British National Identity and Maritime Film and Television, 1960-2012

Fryers, Mark (2015) British National Identity and Maritime Film and Television, 1960-2012. Doctoral thesis, University of East Anglia.

[thumbnail of PhD_Full_Draft.docx] Microsoft Word
Download (43MB)

Abstract

Abstract

This thesis considers the mythology connected to the maritime sphere and notions of British national identity and collective unity through the projection of the maritime in British film and television. Specifically, it traces the evolution of this myth through the period 1960-2012, a post-Imperialist era characterised by broad social, economic and political changes and internal divisions within the historic Union of Great Britain, demonstrating how British culture continually uses the past to comment on the present.

The thesis argues that the maritime remains a vibrant cultural site of British national self-examination and re-examination despite the precipitous decline of both Empire and Royal Navy within this time period. The specific audio-visual properties of the filmic and televisual forms and their position as the most successful cultural industries of the 20th Century suggest themselves as vital components for interrogating national myth and projections of collective unity and the attendant challenges to these.

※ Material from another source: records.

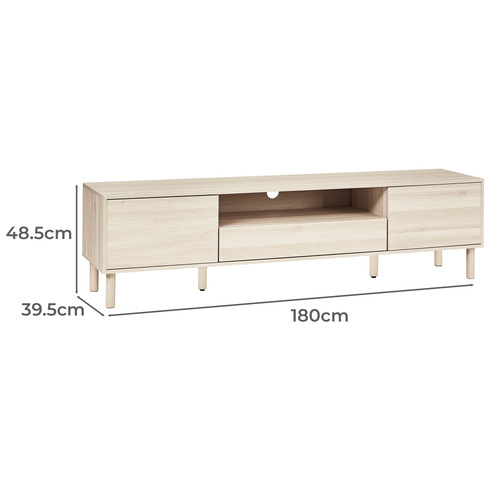 180cm Aaran TV Unit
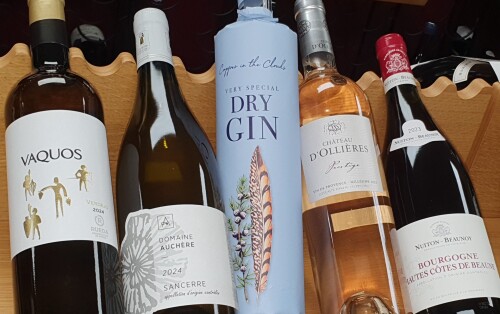 A CHANGE OF PACE JANUARY 2026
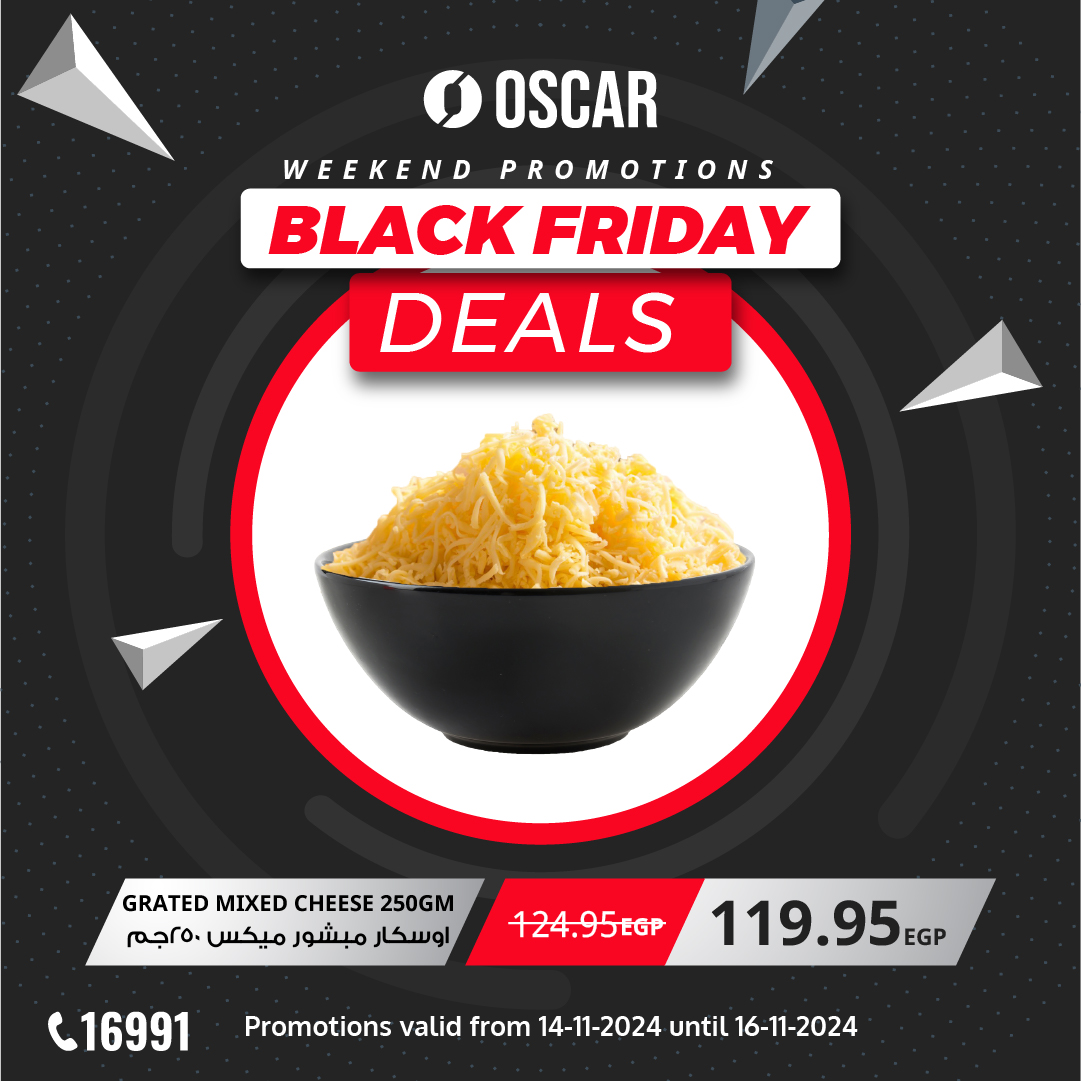 oscar offers from 14nov to 16nov 2024 عروض أوسكار من 14 نوفمبر حتى 16 نوفمبر 2024 صفحة رقم 10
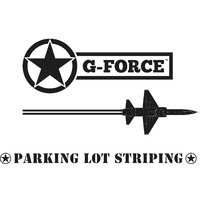 G-Force Logo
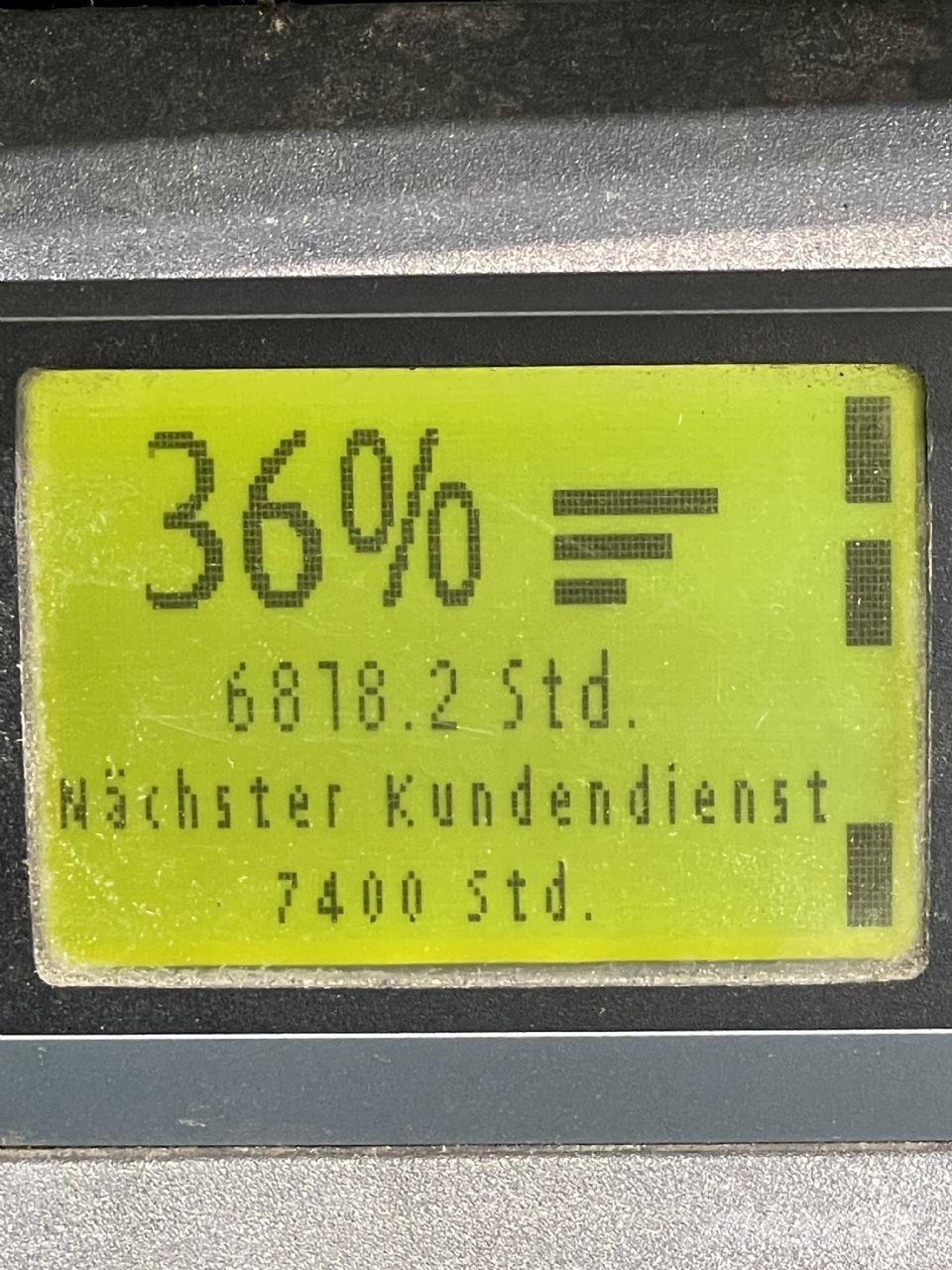 Linde N20Li-132 Nízkozdvižné vozíky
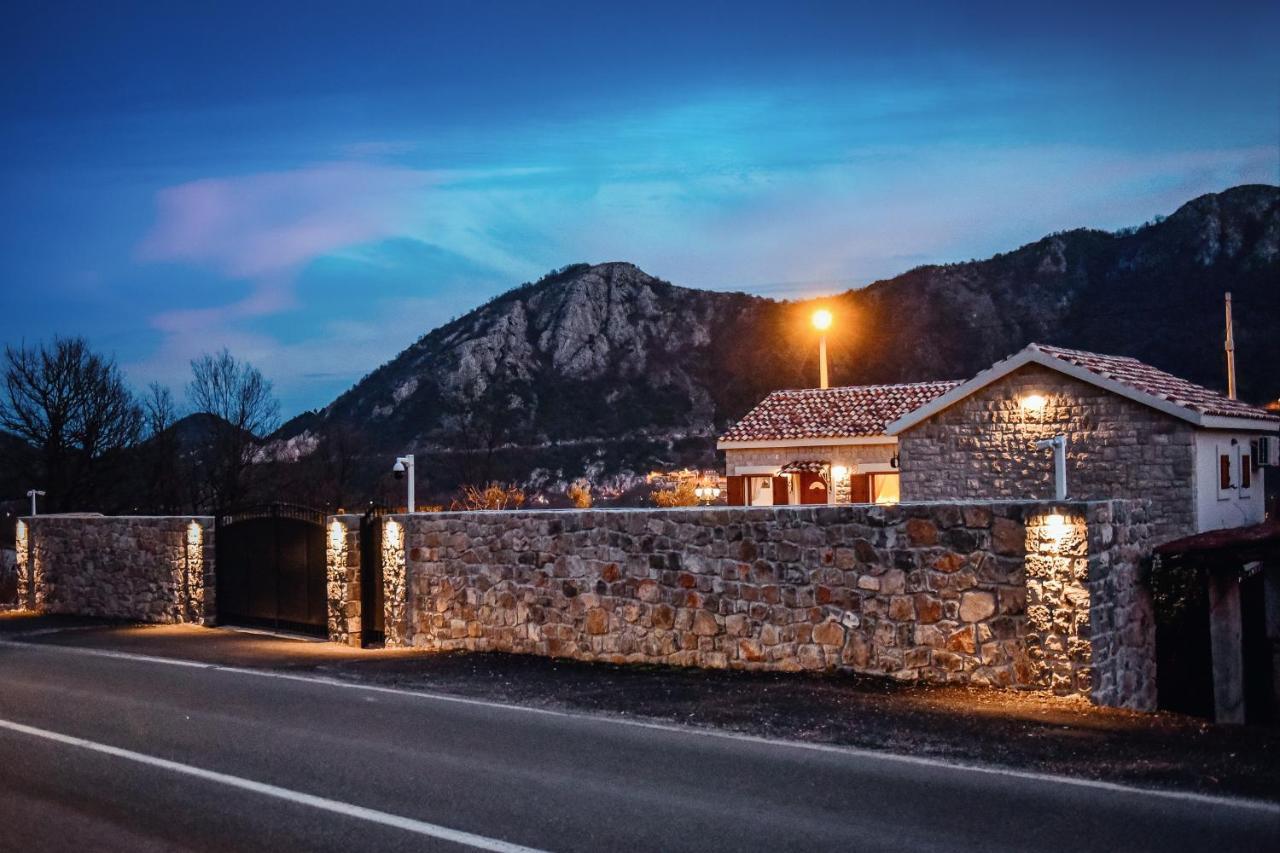 Apartments Monte Green Virpazar Εξωτερικό φωτογραφία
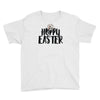 hoppy easter Youth Tee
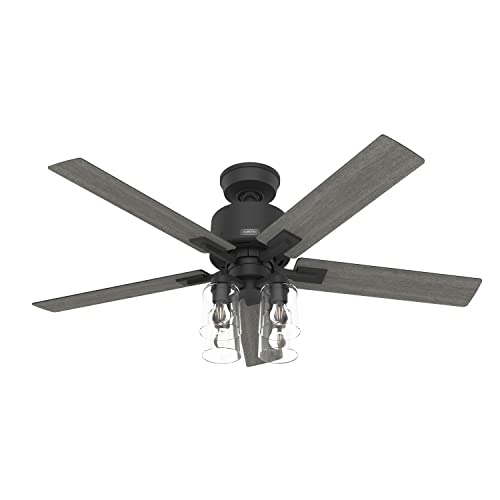 Hunter Fan Company, 52311, 52 inch WiFi Techne HunterExpress Easy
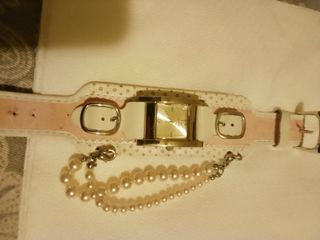 Coppia orologi Guess donna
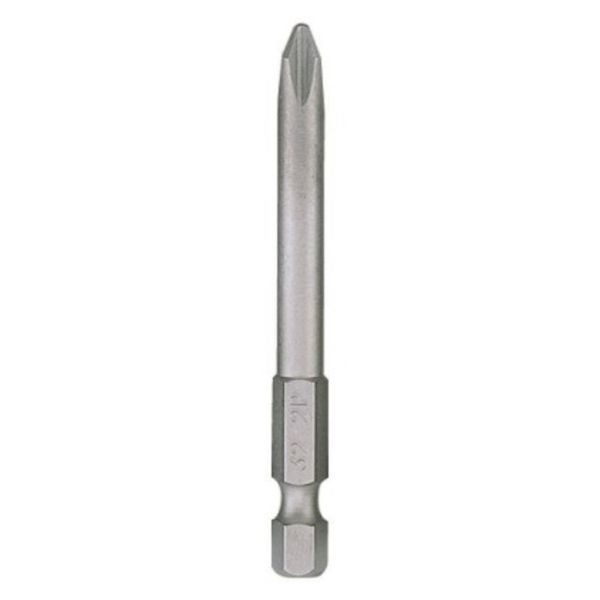 King Tony - Bit 1/4" Phillips #2 X 50mm - 50 Pack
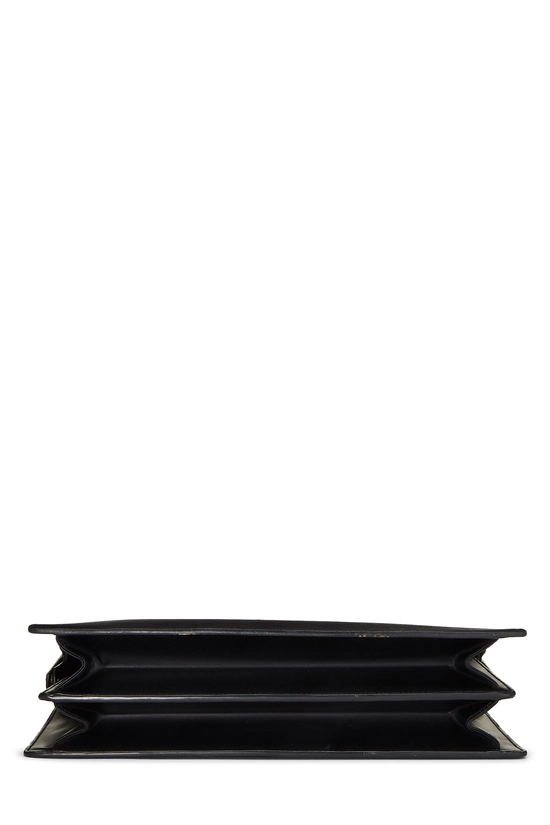 Black Epi Serviette Conseiller, , large image number 4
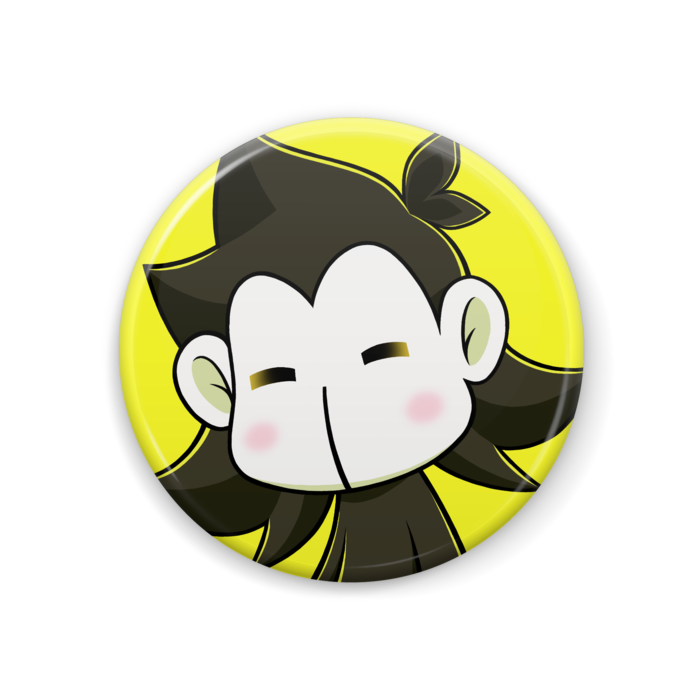 黄-Yellow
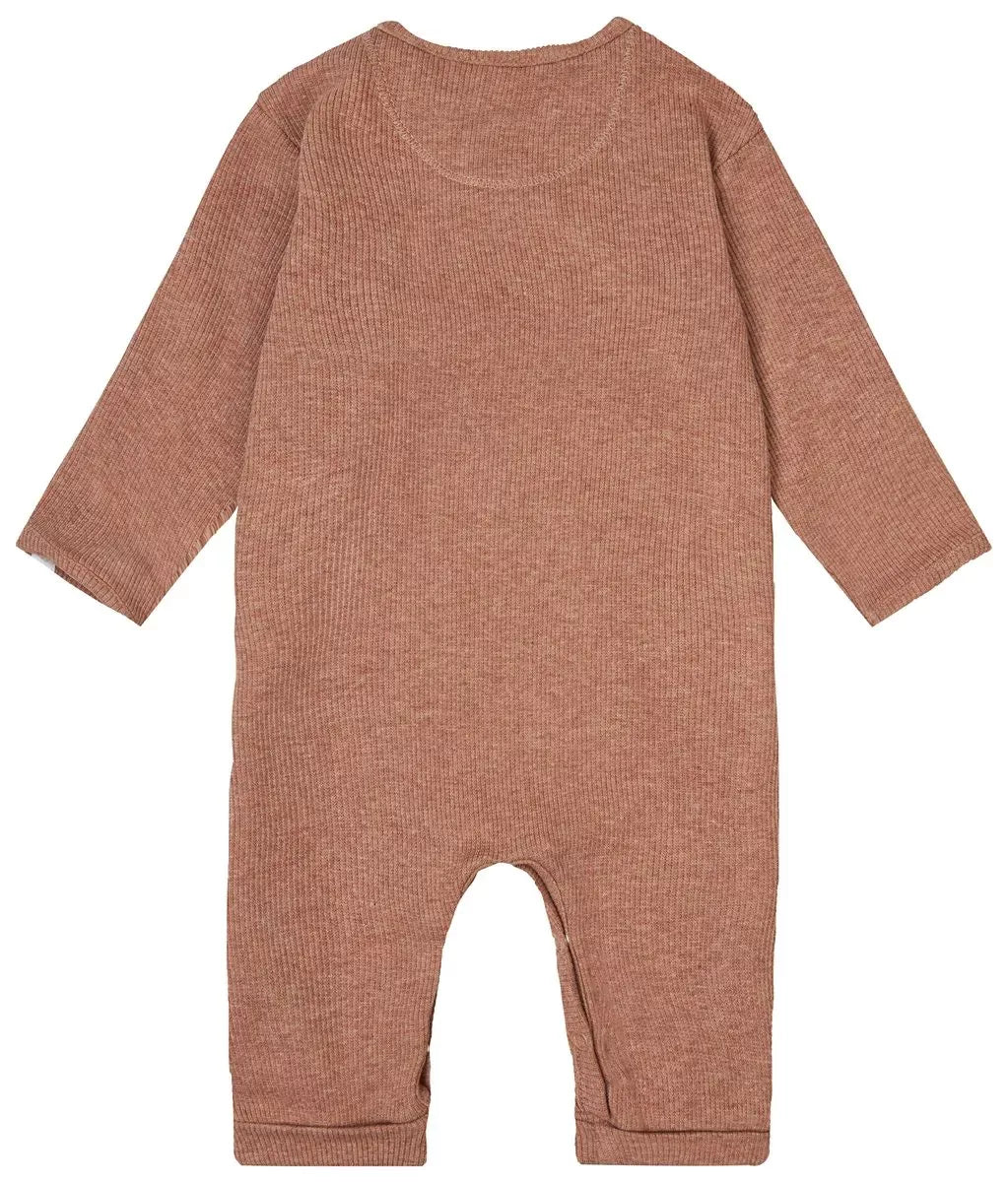 babypakje lange mouw nevis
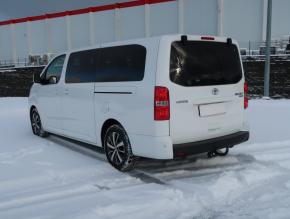 Toyota ProAce Verso  2.0 D-4D 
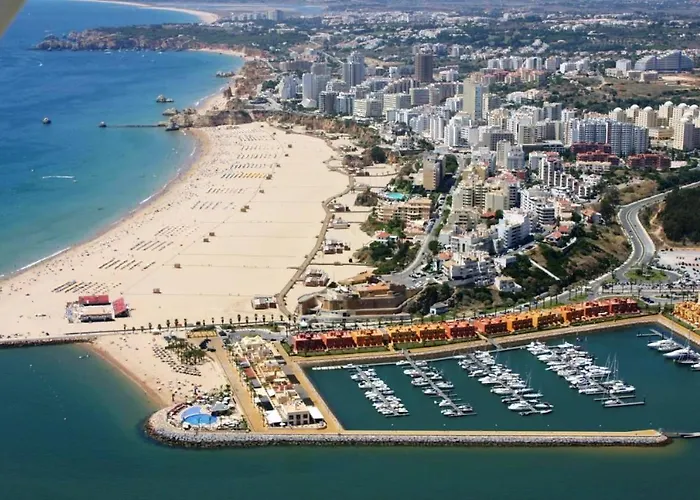 アパート Da Rocha *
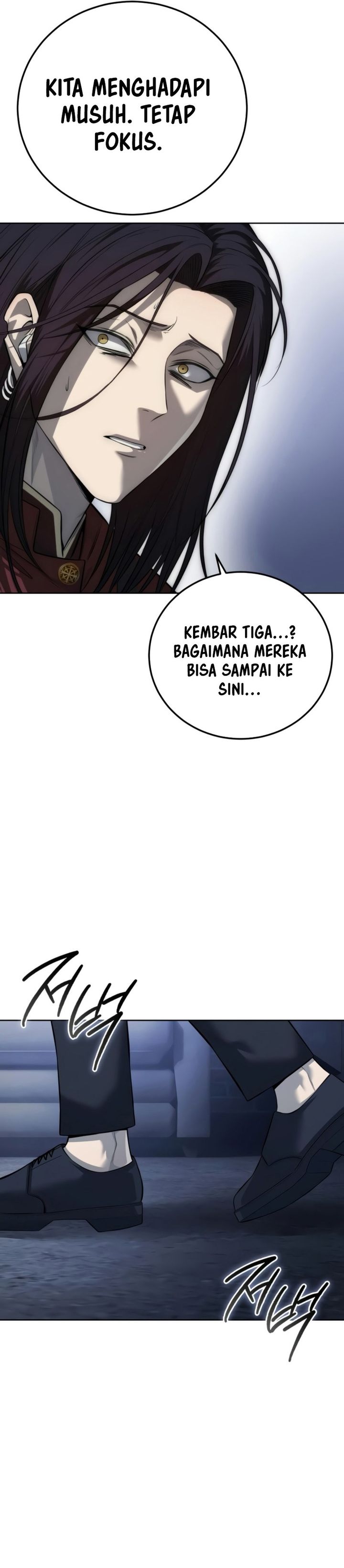 Baca Red Shirt - Chapter 31 halaman 42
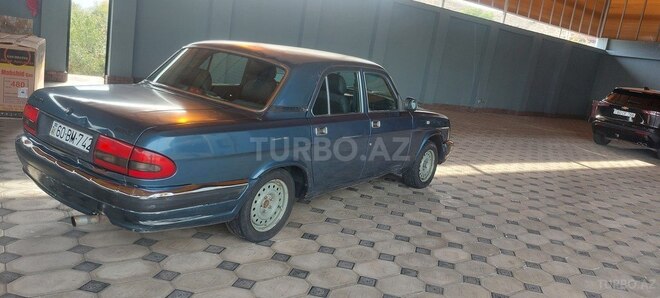 GAZ 3110 2002, 325,860 km - 2.3 l - Tovuz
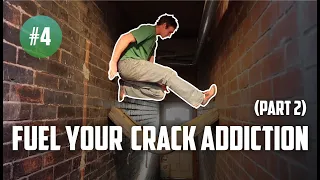 Fuel your crack addiction (part 2)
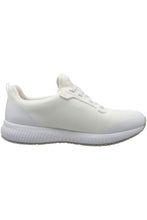 Load image into Gallery viewer, Womens/Ladies Safety Shoes - White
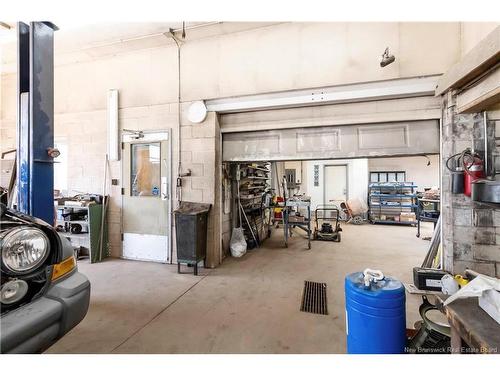 2094 Route 133, Barachois, NB 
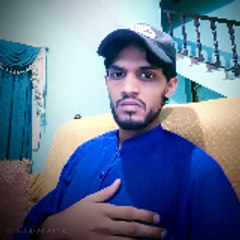 Sajid Hussain Malik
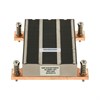 SNP:A3C40102634 Радиатор Fujitsu Heatsink Primergy RX200 S5 SNP-A3C40102634 - фото 139362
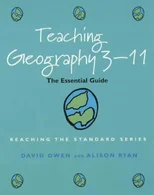 Teaching Geography 3-11
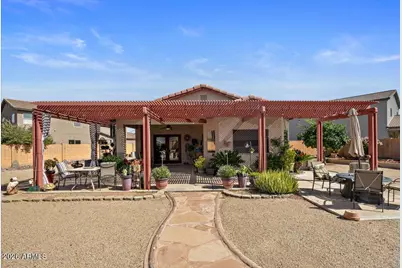 41076 N Cambria Drive, San Tan Valley, AZ 85140 - Photo 45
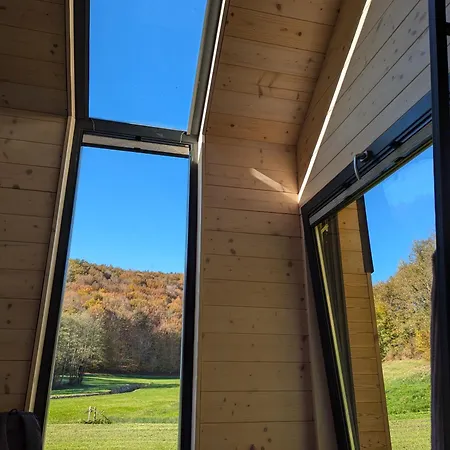 Posestvo Brida Glamping *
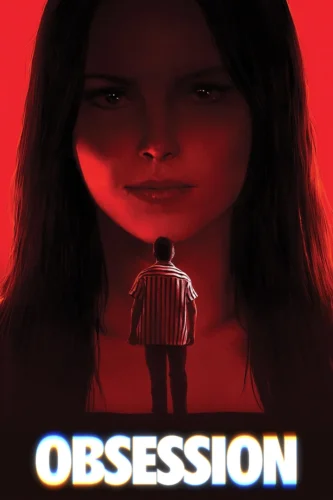 Obsession – وسواس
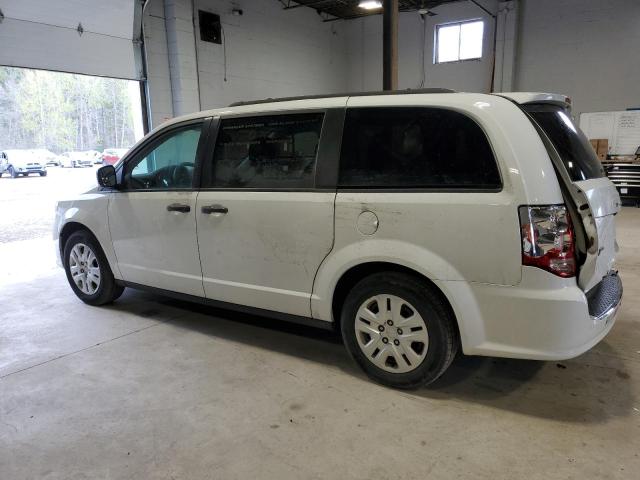 Vin: 2c4rdgbg5kr784652, lot: 55070015, dodge caravan se 20192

Aligned to this is the manner in which critical reception continues to operate as an indigent of collective memory, morality and communality aligning itself as provision not only of positive cultural taste but also of a wider debate on the merits or de-merits of the specific components of myth and identity.

Each text is situated within its specific historical and industrial context and a combination of primary sources, textual analysis and reception studies are unified to argue that both the texts themselves and their reception within critical discourse collectively negotiate the role that media cultures play in constructing and challenging notions of collective identity and myth.

Finally, this thesis argues constructively, that the seemingly banal cultural symbols of national identity and mythology, far from being an irrelevance in a globalised age, remain amongst the most vital cultural, social, political and economic discourses of the age.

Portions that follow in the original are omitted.